Section 163(j) in general 

Section 163(j) limits business interest expense deductions. Section 163(j) generally may apply to any taxpayer.1 It generally limits a taxpayer’s business interest deductions for a taxable year to the sum of: (1) 30% of the taxpayer’s adjusted taxable income (ATI) for that year, (2) its business interest income and (3) floor plan financing interest.2

For taxpayers conducting a business that does not involve lending or selling vehicles from inventory, the section 163(j) limitation generally is equal to 30% of ATI. For additional background, our prior Tax Alerts on section 163(j) are available (Proposed interest deduction disallowance regulations issued, Broad new limitation on business interest deductions, IRS notice on section 163(j) business interest deduction limitation, Evaluation of the realizability of a section 163(j) carryforward, New election may provide enhanced interest deduction for multinationals, and Correction narrows eligibility for 163(j) exception. 

CARES Act amendments to section 163(j) 

There are three ways that the CARES Act amends section 163(j): (1) increasing the limitation to 50% of ATI, (2) providing a special rule for a partnership’s 2019 section 163(j)-disallowed interest expense and (3) allowing an election to apply 2019 ATI to the 2020 section 163(j) computation.    

Increasing the limitation to 50% of ATI 

The CARES Act increases the section 163(j) limitation by including 50% of ATI in the limitation amount instead of only 30% of ATI. However, this increase to the limitation only applies to certain taxable years.  

For partnerships, the increase to 50% of ATI applies to all taxable years beginning in 2020 only, and the special partnership rule discussed below applies to years beginning in 2019. For other taxpayers, such as corporations (including S corporations) and individuals, the increase to 50% of ATI applies to all taxable years beginning in 2019 or 2020. 

A taxpayer may elect not to have the 50% of ATI rule apply. A partnership electing not to apply this increase to its interest deduction limitation can make the election for years beginning in 2020 only. The partnership, rather than its partners, can make the election. Other taxpayers, such as corporations (including S corporations) and individuals, can make the election with respect to years beginning in 2019, in 2020, or both.   
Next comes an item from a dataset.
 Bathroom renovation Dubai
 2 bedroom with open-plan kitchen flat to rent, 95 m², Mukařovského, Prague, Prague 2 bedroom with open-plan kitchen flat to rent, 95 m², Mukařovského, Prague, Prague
Special rule for a partnership’s 2019 section 163(j) disallowed interest expense

While partnerships do not benefit from the 50% of ATI rule for taxable years beginning in 2019, the CARES Act provides partners a different benefit instead. Each partner’s allocable share of the partnership’s excess business interest (i.e., interest of the partnership disallowed under section 163(j) and carried forward by the partner) for a taxable year beginning in 2019 (the Partner’s 2019 Share) will be treated as follows: 

First, the CARES Act provides a new beneficial rule under which 50% of the Partner’s 2019 Share will be treated as business interest that is not subject to any section 163(j) limitation paid or accrued by the partner in the partner’s first taxable year beginning in 2020. 
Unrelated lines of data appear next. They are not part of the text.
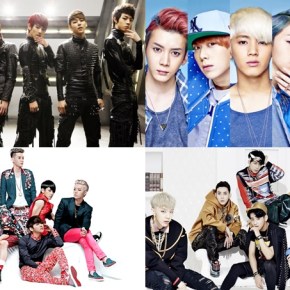 The Top Ten Best Songs by&nbsp;MYNAME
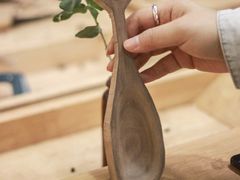 -五月木作·DIY木作文创体验店(北京路店)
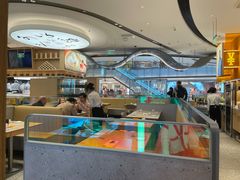 -蔡澜点心·粤菜(丽泽天街店)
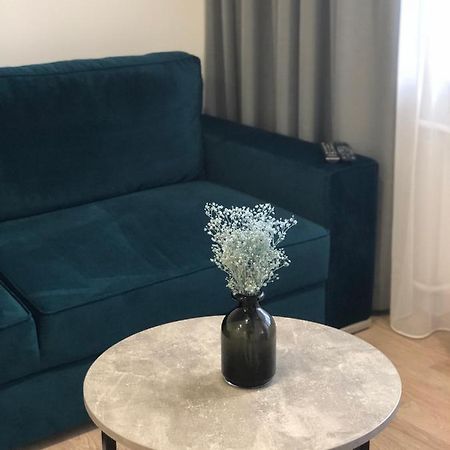 Good Night Apartaments Panevėžys Екстериор снимка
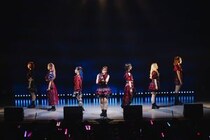 つぼみ大革命、なんばグランド花月にて大阪ラストライブ開催＜ライブレポート＞
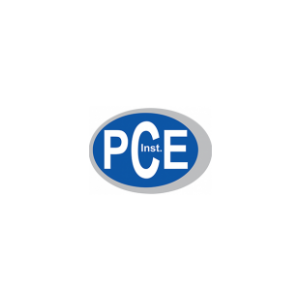 PCE Instruments Logo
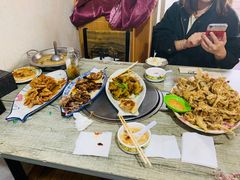 -夕阳红小吃(中街大悦城店)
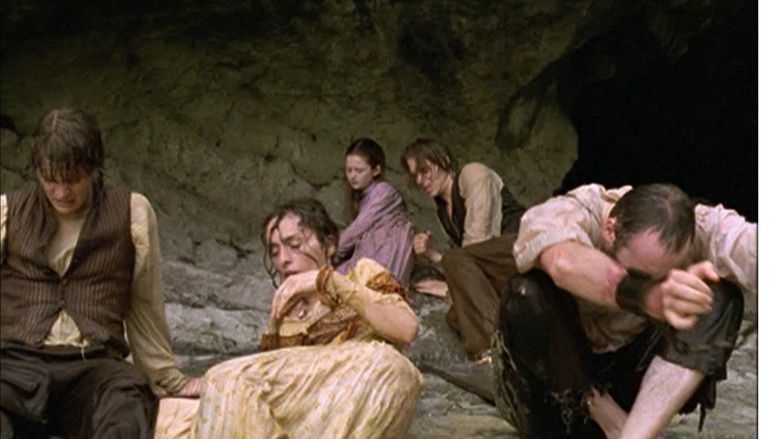 Still image for Stranded season 1 episode 1: Part 1 Still image for Stranded season 1 episode 1: Part 1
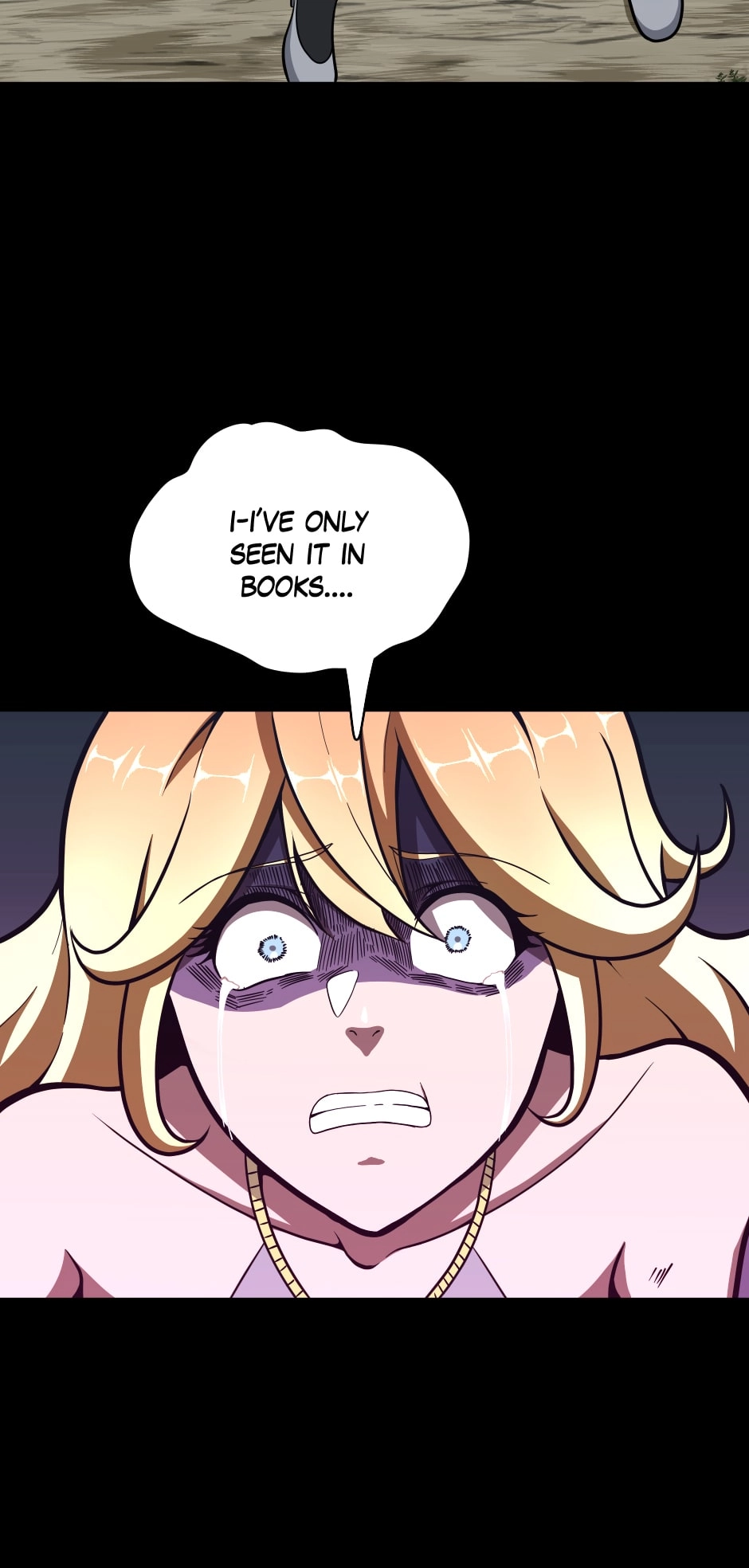 The Beginning After the End Chapter 65, page 8 of 79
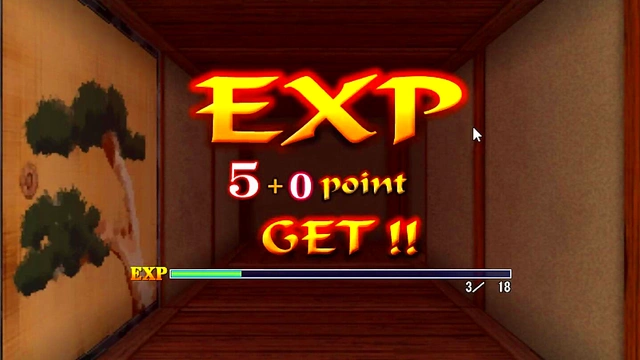 Dungeons & Dolls – Sexy Hentai Couple Engage in Hot Sex Adventure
Second, the remaining 50% of the Partner’s 2019 Share will be subject to the same section 163(j) rules that previously were in place. Those rules generally do not permit any deduction for the partner’s allocable share of the partnership’s excess business interest (i.e., the interest of the partnership disallowed under section 163(j) and carried forward by the partner). Instead, the partner’s section 163(j) carryforward from the partnership is put in a ‘silo’ and has very limited permitted uses. The carryforward may exit the ‘silo’ and be deducted as interest expense under these rules only to the extent (if any) that the same partnership allocates to the partner in a later taxable year excess taxable income or excess business interest income (i.e., partnership taxable income or interest income not applied by the partnership to free its own interest expense from section 163(j)). Otherwise, the partner’s section 163(j) excess business expense carryforward from the partnership would never be deducted as interest expense, and instead be added to the partner’s basis in its partnership interest immediately before the partner disposes of all (or substantially all) of its interest in that same partnership. Because these section 163(j) ‘silo’ rules applicable to partners are so strict, freeing 50% of the Partner’s 2019 Share from these rules may provide a significant benefit. 
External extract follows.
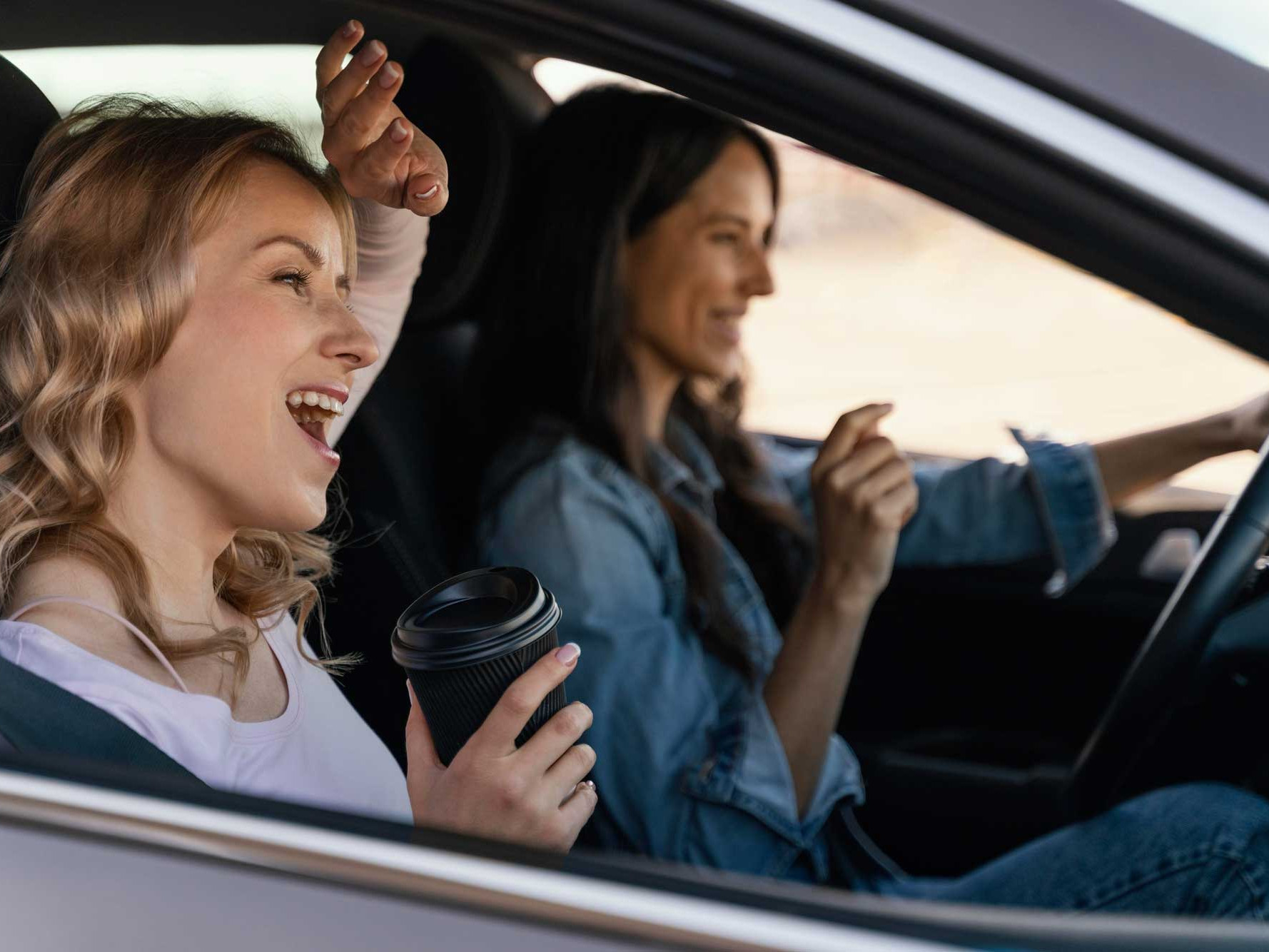 Safely Travel With Music and Put Rhythm Into the Soul of Your Life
Election to apply 2019 ATI to the 2020 section 163(j) computation 

To provide a benefit to taxpayers whose 2020 income will decrease from its 2019 level, the CARES Act allows an election to apply their 2019 ATI, rather than their 2020 ATI, to their 2020 section 163(j) computation. 

Taxpayers making this election will compute their section 163(j) limitation for a taxable year beginning in 2020 based on their ATI for their last taxable year beginning in 2019. For partnerships, this election is available at the partnership level, not the partner level. 

For a short taxable year beginning in 2020, the CARES Act reduces the elective ATI amount proportionally to the length of the short year. However, no comparable rule is provided to proportionally increase the ATI in circumstances where the last taxable year beginning in 2019 is a short taxable year. 

Conclusion

The CARES Act amends section 163(j) in three ways that will provide significant tax savings to many taxpayers. First, the section 163(j) limitation is temporarily based on 50% of ATI (rather than 30% of ATI). Second, a special beneficial rule applies to 50% of a partner’s share of a partnership’s 2019 section 163(j)-disallowed interest expense. Third, taxpayers are allowed to electively apply 2019 ATI to their 2020 section 163(j) computations. When considering the results of these tax law changes, taxpayers should consult with their tax advisers. 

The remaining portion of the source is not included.